Further, Sueño has learned to speak Korean and his interactions with the locals are very well realised.  He may be a ‘big nose’ but he knows and respects the ways of Koreans.  No-Go had a family and Bascom and Sueño find out a lot through them. Fusterman had a family, too, and its members send a lawyer to defend him in the Court Martial.  While feisty, she is an underdeveloped character in this telling, too easily misled while loudly proclaiming her savvy and contributing nothing to the story.  Don’t blame her, she is written that way.  

Inspector Kill and Officer Oh from the Korean National Police put in a welcome appearance.  Kill is a dedicated man but he takes orders, and Oh remains enigmatic but a good friend to have in a tight corner.
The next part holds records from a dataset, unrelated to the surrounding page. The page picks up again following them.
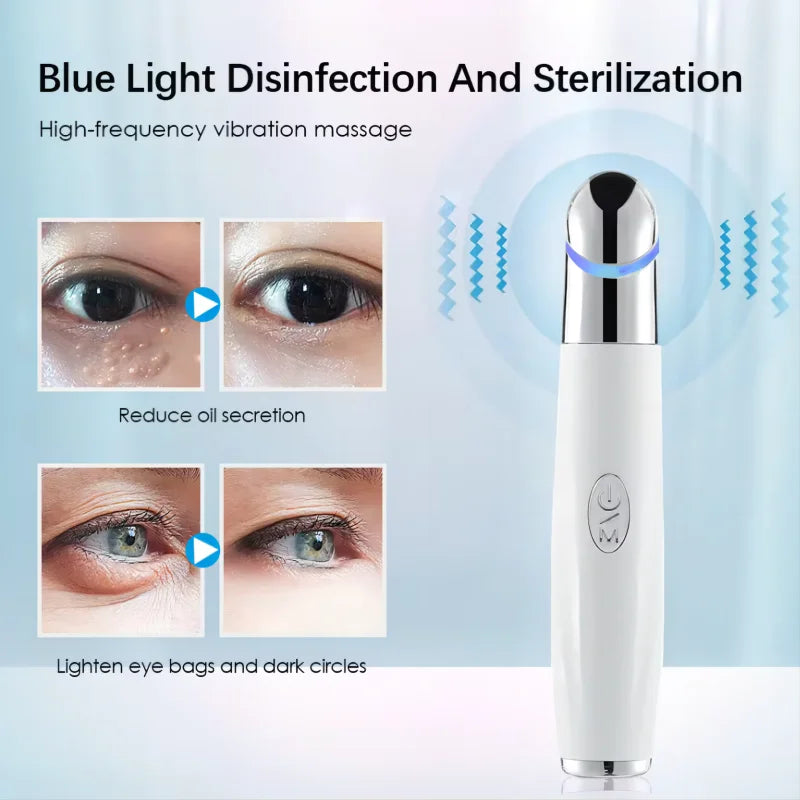 Dispositivo de beleza para os olhos 5 em 1, massageador facial, terapia com luz vermelha LED, varinha para relaxar os olhos, olheiras, bolsas, inchaço, ferramenta para cuidados com a pele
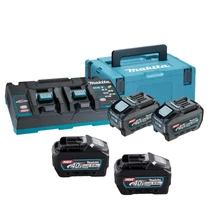 Makita 4db BL4050F akku csomag XGT + DC40RB Dupla töltő MAKPAC kofferben (191U42-2)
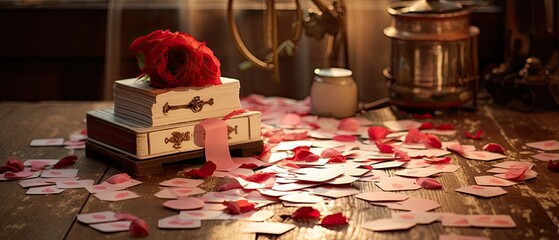 Naklejka na ściany i meble Soft-focus vignette of rose petals and vintage Valentine's cards. Mothers day, birthday, celebration, anniversary. 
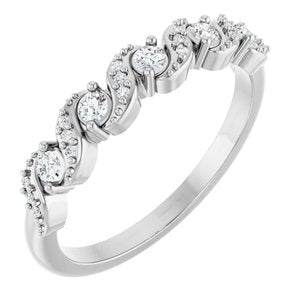 14K White Gold Round 2 Mm Polished 1/5 Ctw Natural Diamond Five-Stone Anniversary Band Size 7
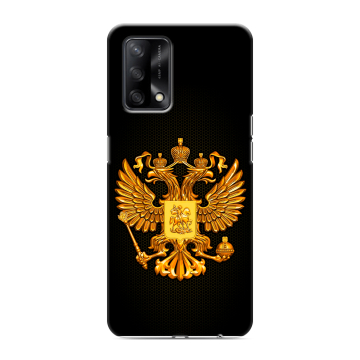 Силиконовый чехол на OPPO A74 с принтом Герб России желтый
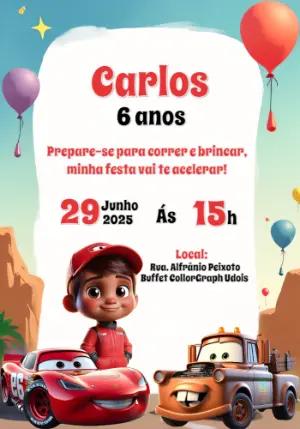 Convite de Aniversário Carros com Foto para Editar Online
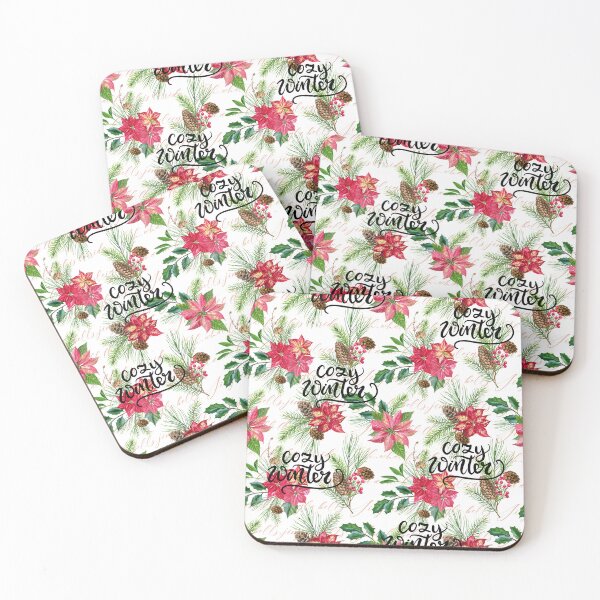 Item preview, Cozy Winter Poinsettia Pattern! designed and sold by TidyKitchenInc.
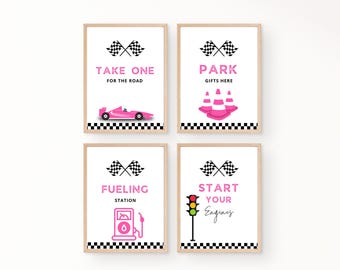 Pink Race Car Birthday Party Signs | Race Car Themed Party Decor | Instant Download | Editable Racing Party Favor Sign, Start Your Engines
These two like nothing better than slamming up villains of any kind and sometimes it suits them to work through Sueño and Bascom.     

Then there is the climatic firefight in the JSA which seemed gratuitous in the context of softly-softly, though it was noteworthy that one of the weapon wielders on the Sergeants’ side was a woman MP whose quick wit prevented a further disaster. The madness of Colonel Peel, another officer in the mix, is, well, madness. Though there is an implied complexity in the NK officer Kwon that might have been better brought to the surface when to save his family he refused to defect.    

By the way, the fiction then as now is that the JSA is administered by the Neutral Nations Supervisory Commission, consisting of Czechoslovakia, Poland, Sweden, and Switzerland. Neutral? As if. These representatives are seldom seen and never heard.  

Grant Limón license, because many strange things have happened in the unique place that is the JSA.

Martin Límon, himself a lifer.

There is a superb Korean film, much more low key than this book, called ‘Joint Security Area’ (2000). 

Lobby poster.

We saw it after we visited the JSA in 2004, and even in 2004 when things were not as tense as in the 1970s, the JSA crackled. At the time I was visiting professor at Korea University.    

*Lifer means someone in for the maximum enlistment of twenty years.  Not quite literally life but it most feel like is sometime.